Eran las primeras elecciones con sufragio universal masculino celebradas en Francia, y su vencedor resultó ser el sobrino de Bonaparte y heredero del bonapartismo (tras la muerte del hijo del Gran Corso). La ambición política de aquel hombre taciturno, de apariencia apática, pero con una idea obsesiva por recuperar la gloria de su dinastía, no tenía límites.
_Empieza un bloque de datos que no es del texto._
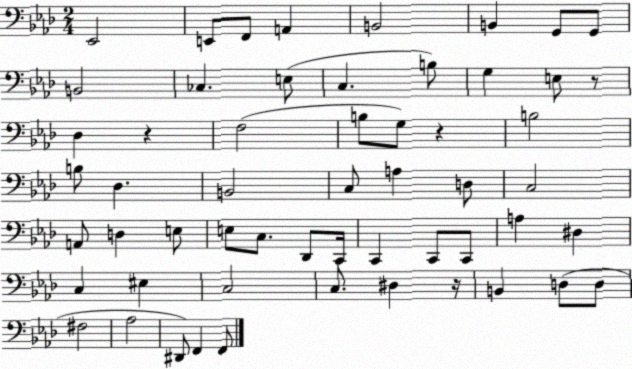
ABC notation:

X:1
T:Untitled
M:2/4
L:1/4
K:Ab
_E,,2 E,,/2 F,,/2 A,, B,,2 B,, G,,/2 G,,/2 B,,2 _C, E,/2 C, B,/2 G, E,/2 z/2 _D, z F,2 B,/2 G,/2 z B,2 B,/2 _D, B,,2 C,/2 A, D,/2 C,2 A,,/2 D, E,/2 E,/2 C,/2 _D,,/2 C,,/4 C,, C,,/2 C,,/2 A, ^D, C, ^E, C,2 C,/2 ^D, z/4 B,, D,/2 D,/2 ^F,2 _A,2 ^D,,/2 F,, F,,/2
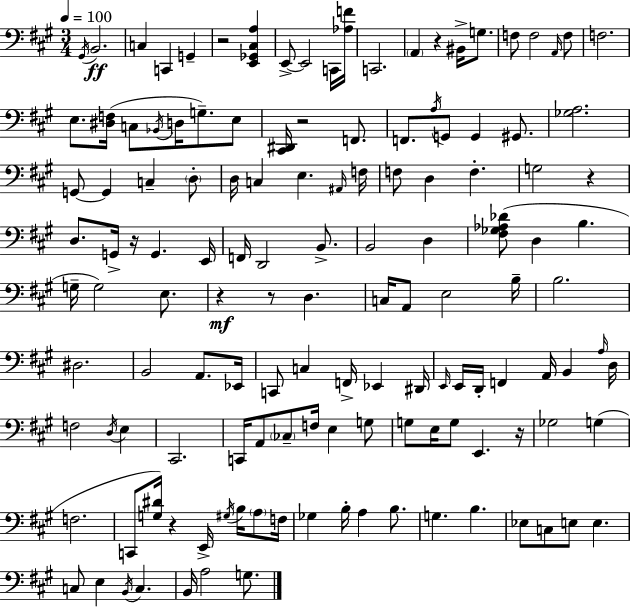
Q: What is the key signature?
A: A major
El texto constitucional especificaba que el jefe del ejecutivo no podía ser reelegido, una vez agotado su período de cuatro años. Sin embargo, la cifra de los votos emitidos a su favor en 1848 y la popularidad de su figura hacían abrigar en Luis Napoleón una sólida esperanza en “la nación”, por encima de las disposiciones legislativas.
El final próximo de su mandato estimuló sus habilidades conspiratorias y le impulsó a dar un golpe de Estado que puso en sus manos el poder absoluto. Para llevarlo a cabo escogió el 2 de diciembre, fecha simbólica de los Bonaparte: la de la coronación de Napoleón I, la de la victoria de Austerlitz. Tras ser ratificado mediante un plebiscito, eliminó a la oposición republicana y socialista e instauró un régimen autoritario y centralizado.
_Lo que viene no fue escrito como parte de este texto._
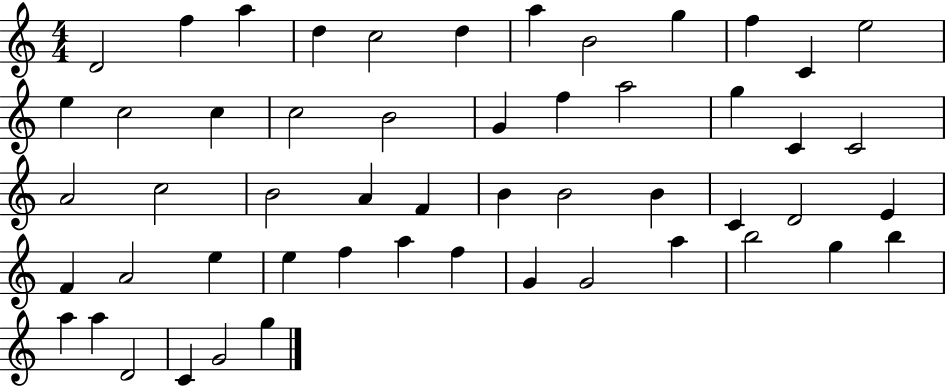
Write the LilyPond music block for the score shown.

Tan solo faltaba el último escollo, inherente a un Bonaparte: mantenerse indefinidamente en el poder. El antiguo revolucionario, afiliado a los carbonarios (miembros de una sociedad secreta de carácter nacionalista y liberal), con un largo pasado de destierro y cautiverio, había logrado coronar, gracias a su política populista de atracción de las masas proletarias y al creciente apoyo de la burguesía, su ambición restauradora.
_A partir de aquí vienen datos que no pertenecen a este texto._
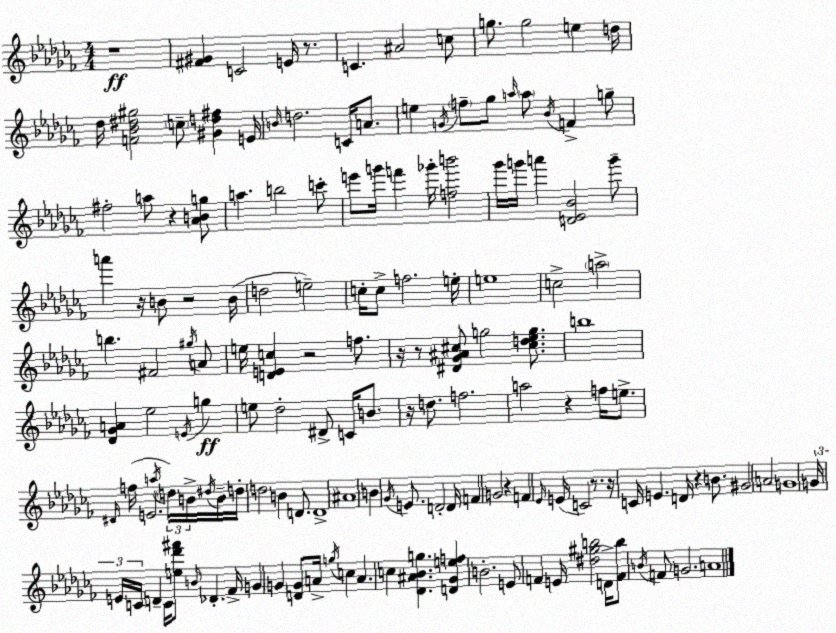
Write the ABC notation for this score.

El sobrino del Gran Corso f ue proclamado emperador de los franceses en 1852 bajo el nombre de Napoleón III. Se iniciaba el Segundo Imperio Francés. El nuevo soberano contó con la adhesión del ejército, la burguesía y la Iglesia. Gran parte del cuerpo militar estuvo de su lado. Las expediciones emprendidas por Napoleón III habían devuelto el prestigio a las tropas francesas.
También los burgueses aplaudieron el orden establecido por el régimen imperial, tras años de disturbios y amenazas a sus bienes. Por su parte, la jerarquía eclesiástica se mostraba agradecida por el apoyo que Luis Napoleón le había prestado.
Personalismo autoritario
Una nueva Constitución reforzó los poderes del ejecutivo y subordinó el legislativo. En política interior, el autoritarismo se hizo cada vez más evidente. Se restringieron las libertades de asociación y prensa y se persiguió a los disidentes.
Lograr el reconocimiento internacional requirió para Napoleón III una compleja labor de diplomacia. Europa miraba con recelo una restauración imperial, reciente aún la aventura bonapartista que había dejado el continente bañado en sangre. Gran Bretaña fue la menos reticente. Lo cierto es que Napoleón III se convirtió en un buen aliado de los intereses británicos.
Las dificultades provenían, sobre todo, de Austria, Prusia y Rusia. El zar Nicolás I, símbolo del absolutismo monárquico, juzgaba al emperador francés de aventurero y de soberano de ocasión. Alcanzado el trono imperial, el matrimonio del nuevo soberano empezó a plantearse como una cuestión de Estado.
La perpetuidad dinástica, basada en la sucesión, obligaba al emperador a renunciar a su codiciada soltería. La elegida fue la aristócrata española Eugenia de Montijo. De su unión nació el príncipe Eugenio, quien encontró la muerte durante la guerra contra los zulúes a los veintitrés años.
El Segundo Imperio, que vivió momentos de gloria, cambió la fisonomía de su capital, París, y convirtió a Francia en una potencia económica. Pero tuvo su cruz en la política personalista y autoritaria de Napoleón III, que vio cómo su sueño imperial acababa enterrado en 1870 tras la derrota de Sedán contra las tropas prusianas.